Aren’t your intercept priors allowing the intercepts to be out of order?

I’m still quite new to Stan and Bayesian modeling in general, but I was following the pattern laid out in a blog post by @Solomon : Notes on the Bayesian cumulative probit | A. Solomon Kurz

Unfortunately, brms does not yet support a more proper Dirichlet prior on the cutpoints:

And I have not yet gotten this workaround to work, so I’m resorting to the separated normal distributions:

Most of my data sets sample correctly, even in the face of outliers (where I had to resort to reloo to figure out that one problematic estimated Pareto-k-value was in fact not an issue).
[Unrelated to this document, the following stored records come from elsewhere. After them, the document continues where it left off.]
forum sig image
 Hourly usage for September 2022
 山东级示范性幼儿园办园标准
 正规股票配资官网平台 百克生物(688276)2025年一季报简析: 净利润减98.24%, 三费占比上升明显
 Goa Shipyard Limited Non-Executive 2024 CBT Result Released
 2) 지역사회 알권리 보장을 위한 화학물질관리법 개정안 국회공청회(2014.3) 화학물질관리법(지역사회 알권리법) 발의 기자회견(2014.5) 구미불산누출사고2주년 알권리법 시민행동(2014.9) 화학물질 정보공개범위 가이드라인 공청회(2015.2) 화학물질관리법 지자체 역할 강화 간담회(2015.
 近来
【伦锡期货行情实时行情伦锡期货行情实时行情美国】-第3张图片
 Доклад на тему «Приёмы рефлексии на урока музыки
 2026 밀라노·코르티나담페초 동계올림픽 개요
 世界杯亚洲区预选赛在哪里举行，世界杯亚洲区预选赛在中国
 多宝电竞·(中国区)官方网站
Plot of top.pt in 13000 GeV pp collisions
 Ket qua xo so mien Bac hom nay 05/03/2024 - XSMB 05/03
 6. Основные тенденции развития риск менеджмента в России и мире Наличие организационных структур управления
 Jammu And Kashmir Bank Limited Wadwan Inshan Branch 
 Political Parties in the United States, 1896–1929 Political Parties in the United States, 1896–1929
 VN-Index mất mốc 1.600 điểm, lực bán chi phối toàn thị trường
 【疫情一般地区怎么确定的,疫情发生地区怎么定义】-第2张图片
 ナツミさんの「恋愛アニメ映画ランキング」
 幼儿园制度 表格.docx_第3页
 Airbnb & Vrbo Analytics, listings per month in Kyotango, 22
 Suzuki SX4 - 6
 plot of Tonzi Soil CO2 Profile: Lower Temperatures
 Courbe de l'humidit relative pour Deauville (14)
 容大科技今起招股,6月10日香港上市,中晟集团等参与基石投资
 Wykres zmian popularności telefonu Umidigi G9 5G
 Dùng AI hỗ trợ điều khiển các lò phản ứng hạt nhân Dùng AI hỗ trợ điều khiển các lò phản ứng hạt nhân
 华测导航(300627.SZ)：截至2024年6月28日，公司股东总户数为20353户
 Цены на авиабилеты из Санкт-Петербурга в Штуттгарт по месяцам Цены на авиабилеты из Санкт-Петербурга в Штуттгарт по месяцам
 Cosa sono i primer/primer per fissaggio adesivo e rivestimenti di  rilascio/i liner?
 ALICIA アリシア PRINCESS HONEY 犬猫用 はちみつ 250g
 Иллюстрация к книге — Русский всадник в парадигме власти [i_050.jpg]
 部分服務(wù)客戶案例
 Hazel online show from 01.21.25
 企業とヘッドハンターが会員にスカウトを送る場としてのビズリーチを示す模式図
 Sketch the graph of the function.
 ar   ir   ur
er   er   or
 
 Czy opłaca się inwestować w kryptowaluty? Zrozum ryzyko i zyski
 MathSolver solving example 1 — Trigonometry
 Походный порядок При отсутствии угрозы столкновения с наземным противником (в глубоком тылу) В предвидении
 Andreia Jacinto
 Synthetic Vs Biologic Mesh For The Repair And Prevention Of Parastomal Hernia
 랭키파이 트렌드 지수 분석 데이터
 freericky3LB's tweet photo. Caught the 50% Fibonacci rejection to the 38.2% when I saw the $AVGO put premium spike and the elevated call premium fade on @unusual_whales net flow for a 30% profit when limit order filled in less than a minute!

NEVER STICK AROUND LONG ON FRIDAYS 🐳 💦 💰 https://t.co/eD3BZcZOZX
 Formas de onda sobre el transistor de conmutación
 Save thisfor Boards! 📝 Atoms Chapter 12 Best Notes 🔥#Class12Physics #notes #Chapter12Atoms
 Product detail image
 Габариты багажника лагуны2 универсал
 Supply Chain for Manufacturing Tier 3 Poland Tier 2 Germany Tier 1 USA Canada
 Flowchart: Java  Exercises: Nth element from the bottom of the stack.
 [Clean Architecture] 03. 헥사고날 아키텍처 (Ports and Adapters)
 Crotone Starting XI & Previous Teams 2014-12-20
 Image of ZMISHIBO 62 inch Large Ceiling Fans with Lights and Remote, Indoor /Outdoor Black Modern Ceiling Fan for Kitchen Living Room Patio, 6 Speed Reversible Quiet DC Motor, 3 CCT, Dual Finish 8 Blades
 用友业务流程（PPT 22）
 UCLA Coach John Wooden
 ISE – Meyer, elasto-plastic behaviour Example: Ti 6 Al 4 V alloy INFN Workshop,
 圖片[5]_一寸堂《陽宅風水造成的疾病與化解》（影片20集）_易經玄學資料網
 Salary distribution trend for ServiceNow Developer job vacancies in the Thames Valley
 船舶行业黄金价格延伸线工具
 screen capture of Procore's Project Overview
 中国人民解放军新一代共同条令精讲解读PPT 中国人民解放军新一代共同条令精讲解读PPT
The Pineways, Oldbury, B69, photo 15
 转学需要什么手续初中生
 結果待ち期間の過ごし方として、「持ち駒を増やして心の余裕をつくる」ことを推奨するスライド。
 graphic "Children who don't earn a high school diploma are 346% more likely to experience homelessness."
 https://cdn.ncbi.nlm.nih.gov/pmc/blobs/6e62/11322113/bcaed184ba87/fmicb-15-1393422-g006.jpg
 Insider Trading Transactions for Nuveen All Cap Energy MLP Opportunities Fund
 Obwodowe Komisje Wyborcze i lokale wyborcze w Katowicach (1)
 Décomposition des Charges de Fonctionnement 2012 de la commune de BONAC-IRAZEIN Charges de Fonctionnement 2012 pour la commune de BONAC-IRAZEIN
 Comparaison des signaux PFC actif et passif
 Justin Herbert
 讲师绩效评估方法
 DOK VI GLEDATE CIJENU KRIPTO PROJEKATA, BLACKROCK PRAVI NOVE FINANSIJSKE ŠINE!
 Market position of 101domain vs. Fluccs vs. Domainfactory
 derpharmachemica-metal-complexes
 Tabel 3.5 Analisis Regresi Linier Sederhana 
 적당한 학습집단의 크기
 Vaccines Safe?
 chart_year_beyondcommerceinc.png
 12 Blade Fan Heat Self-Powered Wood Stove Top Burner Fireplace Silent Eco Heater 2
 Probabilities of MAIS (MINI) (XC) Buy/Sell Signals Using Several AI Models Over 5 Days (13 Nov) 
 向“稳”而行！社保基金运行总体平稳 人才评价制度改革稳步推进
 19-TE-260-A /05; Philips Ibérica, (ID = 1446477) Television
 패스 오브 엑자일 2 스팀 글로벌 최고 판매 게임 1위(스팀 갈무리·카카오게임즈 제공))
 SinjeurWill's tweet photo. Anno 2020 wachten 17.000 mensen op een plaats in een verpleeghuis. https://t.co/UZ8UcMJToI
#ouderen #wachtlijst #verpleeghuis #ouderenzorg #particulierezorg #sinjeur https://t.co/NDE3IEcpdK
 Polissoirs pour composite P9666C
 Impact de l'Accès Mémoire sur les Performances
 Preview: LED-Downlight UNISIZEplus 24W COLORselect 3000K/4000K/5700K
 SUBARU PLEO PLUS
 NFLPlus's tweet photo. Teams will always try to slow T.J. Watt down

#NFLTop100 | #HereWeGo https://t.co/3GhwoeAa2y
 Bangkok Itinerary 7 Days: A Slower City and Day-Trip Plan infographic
But this is conditional on me using exp(5) for the sd.
I have given up on exp(1).

I would suggest that you expand your data simulation so that it matches your model rather than being hard-coded. That should help you identify where the model estimates are deviating from your expectations beyond just the mean.

A few things that stick out to me. Your priors on the thresholds are centered such that a latent value of 0 would correspond to an observed value of 4. Those priors are probably driving the behavior you’re seeing, whereas the choice of prior on level 2 intercepts is just trying to compromise for that rigidity.

Also, you’re estimating a hierarchical model with only 7 level 2 units. 4 of the 7 have no variance in observations. This probably explains the strong influence of the priors.

1 Like

You might try the rmsb package’s blrm function which is dedicated to ordinal logistic models and uses the Dirichlet prior for the multinomial probabilities induced by the intercepts. This achieves ordering of intercepts automatically and speeds sampling.